One EmbedBatchResult per batch, ready to be persisted.

Return type:

list[EmbedBatchResult]

lalandre_embedding.pipeline.prepare_act_document_embedding(*, act, subdivisions, chunks, chunk_vectors, payload_builder, state_map, provider, model_name, vector_size, force=False)[source]

Prepare whole-act embedding via mean pooling.

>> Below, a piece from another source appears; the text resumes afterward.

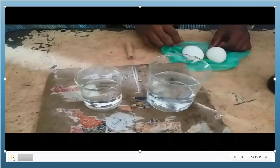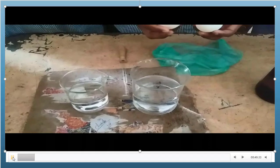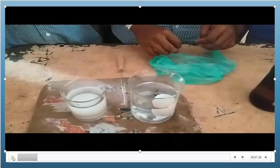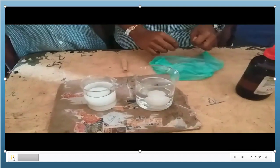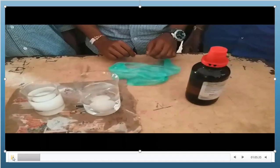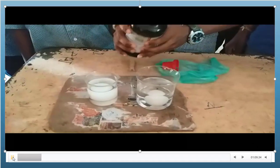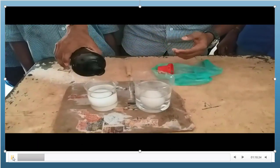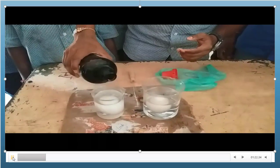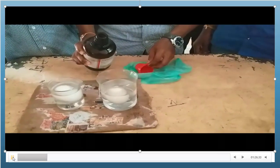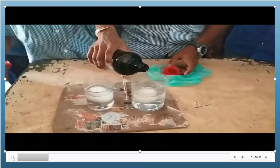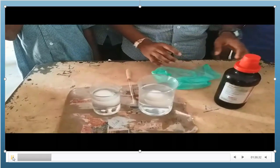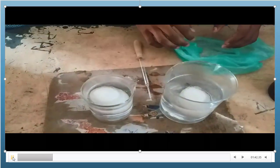We also need a dropper. To remove eggshells, we have to keep the eggs in water. Do not directly take concentrated hydrochloric acid in the beakers — that acid may harm your fingers. So first keep the water in the beaker, add the egg to it, and later add the concentrated hydrochloric acid to the water. If you don't have hydrochloric acid, you can use bathroom cleaning acid, which also removes the eggshell.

Pure logic — no DB access.

Parameters:
  • act (Any) – The ORM act object.

  • subdivisions (list[Any]) – ORM subdivision objects for the act.

  • chunks (list[Any]) – ORM (chunk, subdivision) tuples for the act.

  • chunk_vectors (dict[int, list[float]]) – Pre-fetched {chunk_id: vector} from Qdrant.

  • payload_builder (PayloadBuilder) – Builds Qdrant payloads.

  • state_map (dict[int, str]) – Pre-fetched {act_id: content_hash} from embedding_state.

  • vector_size (int) – Embedding identity.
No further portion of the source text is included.